The above also shows other java heap size parameters added.

I have also confirmed that compressed object pointers were being used as i could see that as part of elastic bootup.

I have purposely added 31666m for -Xmx as this is the max i could use for compressed object pointers and if use 31667m or above 'compressed object pointers' are not being used.

Yes, the VIRT, RES and SHR are definitely slowly increasing. i.e when i started the indices with no data in shards, these values are very low and then as it index more and more documents, these sizes are increasing.

As they were increasing and i could see high number of GC overhead messaged in ESLCUSTER log file, i am indexing the documents in batches, with each batch consists of 5 to 10mil documents, and once this batch is indexed, i am shutting down the ES, restarting it, waiting for 120 mins as i can still high CPU usage, though there is no indexing occuring and starting the index process.

But as soon as restart the ES (not index), the VIRT size is same as before shutting down, which led me believe that ES may be keeping the meta data of previously indexed data and shards info in memory and this size is steadily increasing as it index more documents..

Attachments are basically pdf, doc, txt and other readable files, which are attached by end uses to case note information, which is what i am trying to index along with case notes.

No, I have done deeper analysis as yet on vmstat, top, iostat, jvisualvm as i am not OS expert to meaningfully interpret the output and identify issues at that level and hence provided hot thread info in this thread

Ignore VIRT size being the same before and after a complete elasticsearcxh restart, its "normal" and not important to your issue, as long as you really did shutdown elasticsearch completely (the java process exited and a new one started).

One of my points was to remind that the heap is not the only memory user within a java application, you probably need to use JVM tools to dig deeper into that.

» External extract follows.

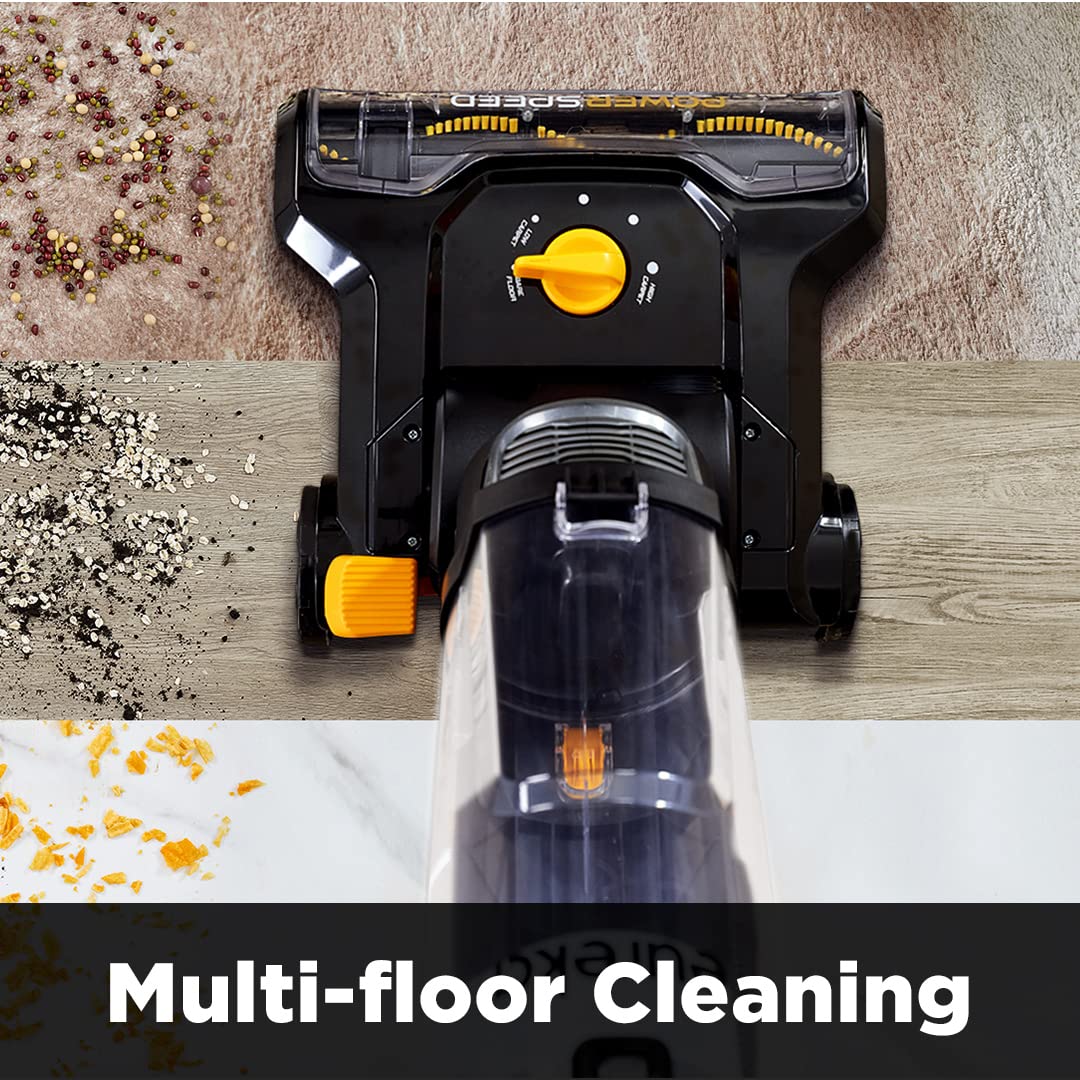 Eureka PowerSpeed Upright Vacuum for Carpet and Hard Floor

But most interesting thing from your post is:

waiting for 120 mins as i can still high CPU usage, though there is no indexing occurring

You now have high CPU usage when the cluster is doing effectively nothing? Is there also significant IO ongoing on at the same time? That is a mystery you need to solve.

Please run "iostat -x 60" for 5 minutes before and 20 minutes after you restart elasticsearch (i.e. run for approx 25 minutes in total)

Same for "vmstat 60"

And same for "top -b -d 60 | awk 'NR<10 || /psoft/ || /java/'"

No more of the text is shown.